_Exercise goal_: The records are set out below this line. Return exactly the lines from the one containing "THLIFURE Black Plug" through the last, and exclude the pictures.

══════════════════════════════

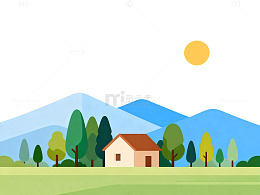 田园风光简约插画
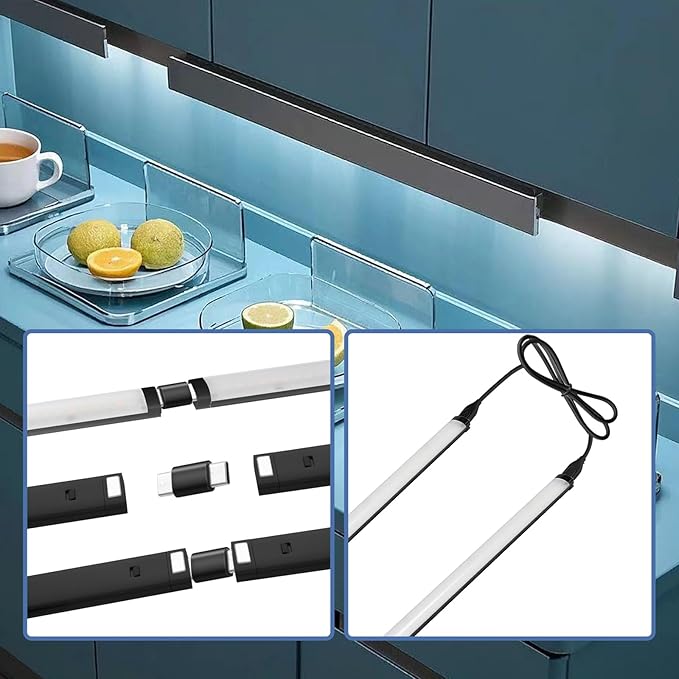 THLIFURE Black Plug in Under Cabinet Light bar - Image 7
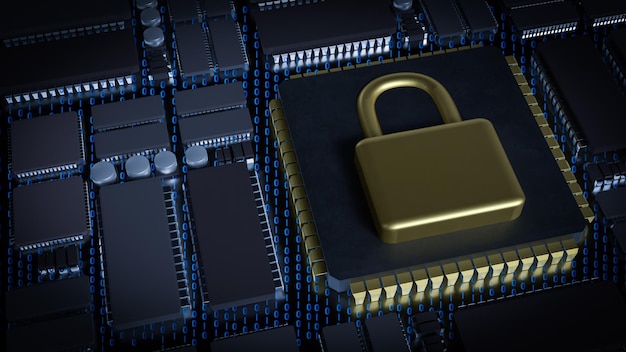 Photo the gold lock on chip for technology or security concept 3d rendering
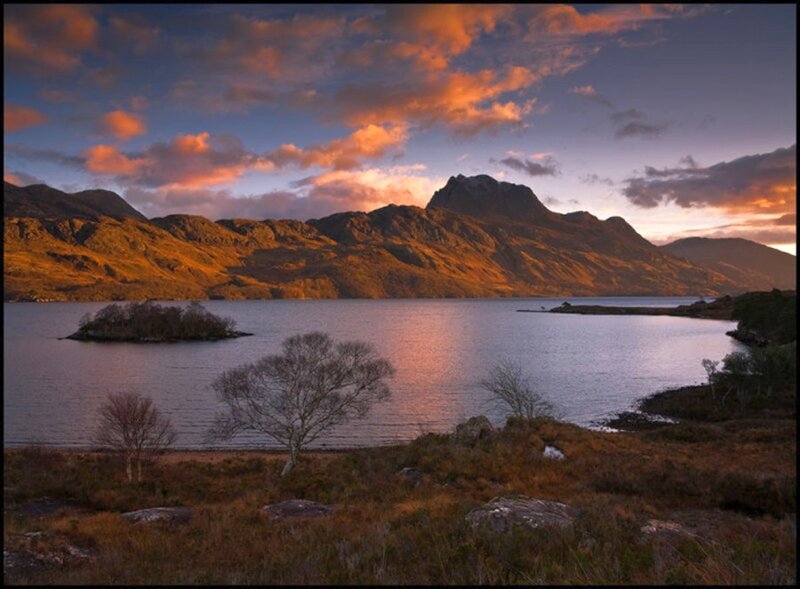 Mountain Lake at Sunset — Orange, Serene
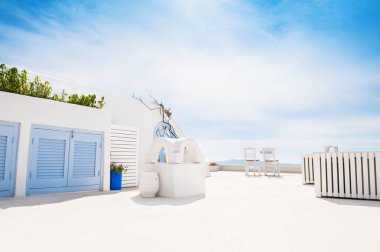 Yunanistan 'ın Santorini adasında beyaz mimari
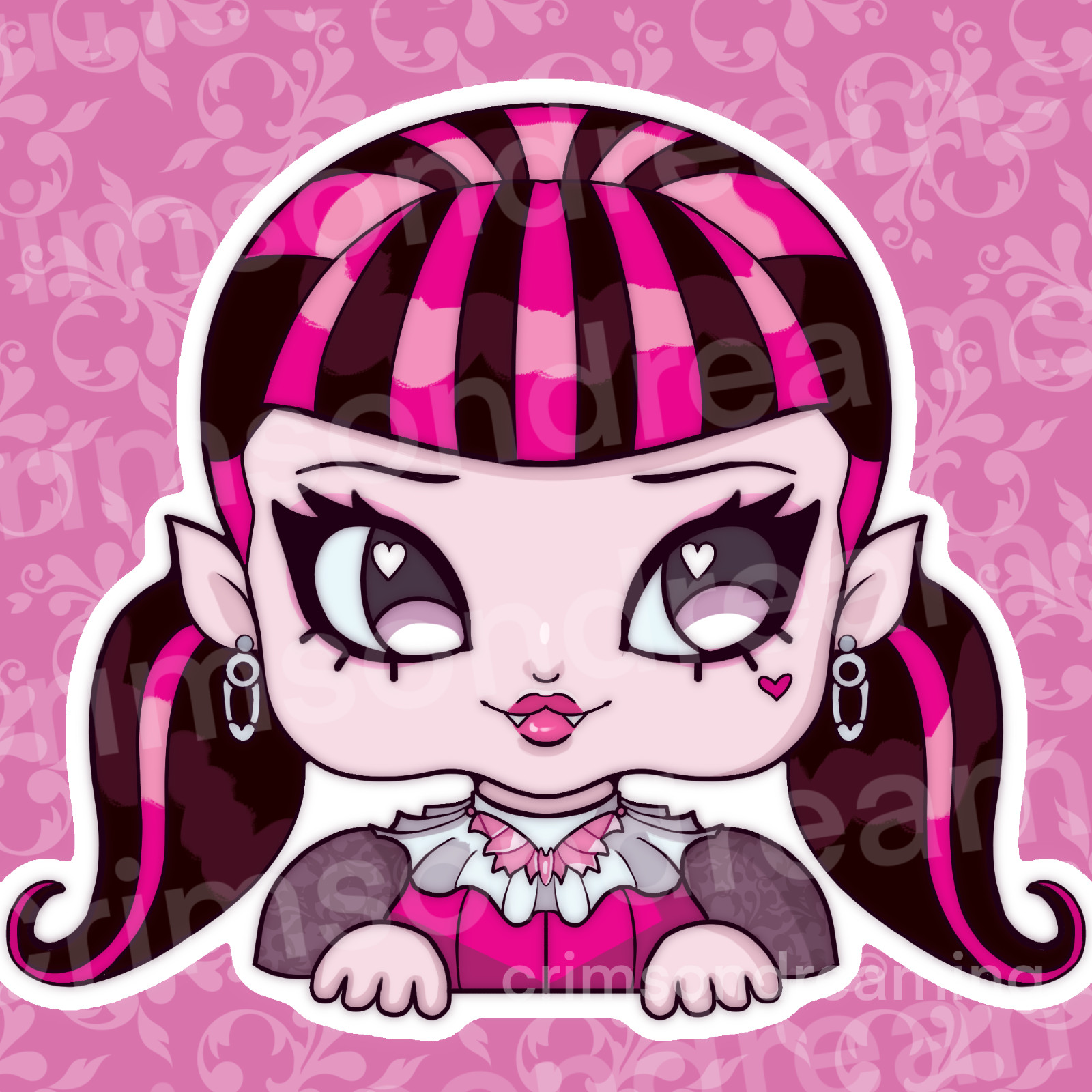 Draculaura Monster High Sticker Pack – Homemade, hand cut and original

══════════════════════════════

_Result of the task_:
 THLIFURE Black Plug in Under Cabinet Light bar - Image 7
 Photo the gold lock on chip for technology or security concept 3d rendering
 Mountain Lake at Sunset — Orange, Serene
 Yunanistan 'ın Santorini adasında beyaz mimari
 Draculaura Monster High Sticker Pack – Homemade, hand cut and original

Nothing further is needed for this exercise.